This a response to Ted Hughes' poem View of a Pig (below).
Thumper
Pig on a barrow
Snouts a punch
Lolls back
Bares itself
Is bleeding
Is split
Is wild for it
This rain
These vicious flecks finding ground
Dissolving
Into one another
It's not going nowhere this morning
Dead
Its trotters stuck straight out
Pig on a barrow
Is a thumper
And its viewer knows
His subject
Fat wheat sack poundage
Laid out before him
Is too deadly factual for market
For shame
Before Him too dead
The sunk thumper's viewer is unabashed
He fancies a greased fairground piglet squealing
between shadows harder to
Catch
Nimbler than a cat
The pig
More than dead
A thumper
View of a Pig
The pig lay on a barrow dead.
It weighed, they said, as much as three men.

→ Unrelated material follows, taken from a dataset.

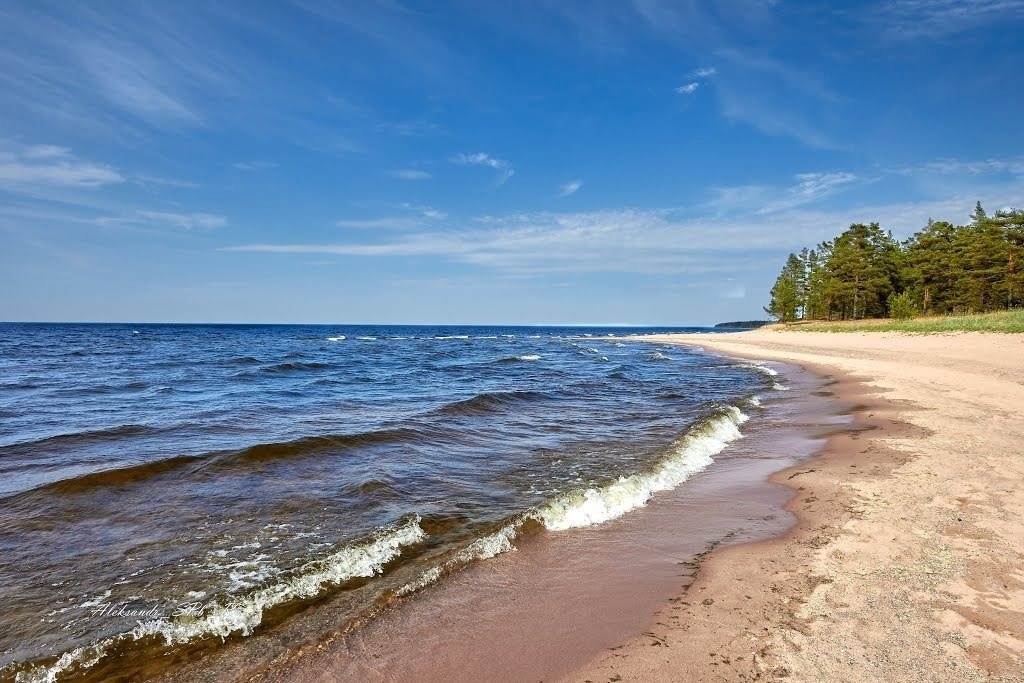 Фото Ладога Хоум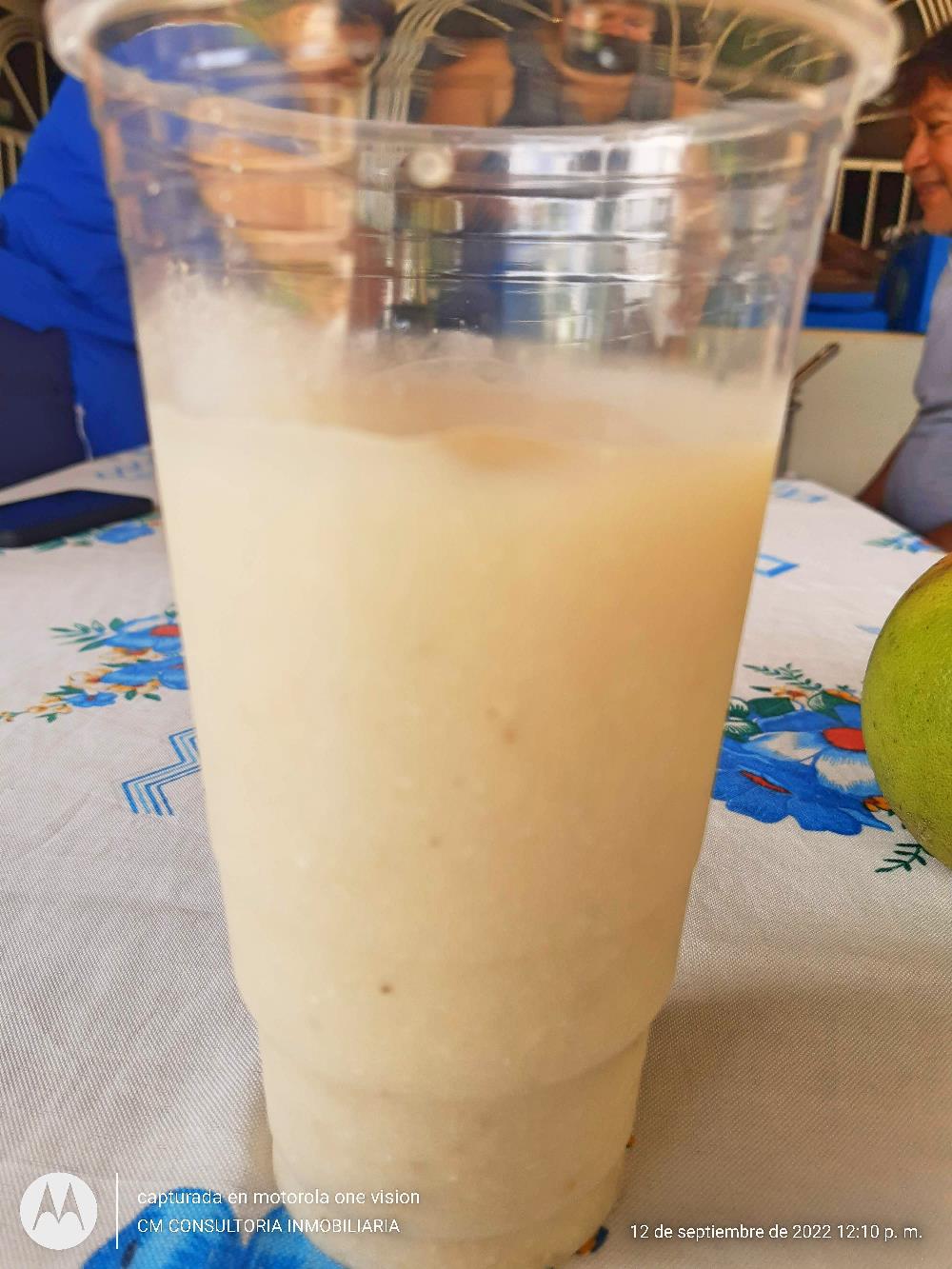 Tour Meliponario y Cenote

Its eyes closed, pink white eyelashes.
Its trotters stuck straight out.
Such weight and thick pink bulk
Set in death seemed not just dead.
It was less than lifeless, further off.
It was like a sack of wheat.
I thumped it without feeling remorse.
One feels guilty insulting the dead,
Walking on graves. But this pig
Did not seem able to accuse.
It was too dead. Just so much
A poundage of lard and pork.
Its last dignity had entirely gone.
It was not a figure of fun.
Too dead now to pity.
To remember its life, din, stronghold
Of earthly pleasure as it had been,
Seemed a false effort, and off the point.
Too deadly factual. Its weight
Oppressed me – how could it be moved?
And the trouble of cutting it up!
The gash in its throat was shocking, but not pathetic.
Once I ran at a fair in the noise
To catch a greased piglet
That was faster and nimbler than a cat,
Its squeal was the rending of metal.
Pigs must have hot blood, they feel like ovens.
Their bite is worse than a horse's –
They chop a half-moon clean out.
They eat cinders, dead cats.
Distinctions and admirations such
As this one was long finished with.
I stared at it a long time. They were going to scald it,
Scald it and scour it like a doorstep.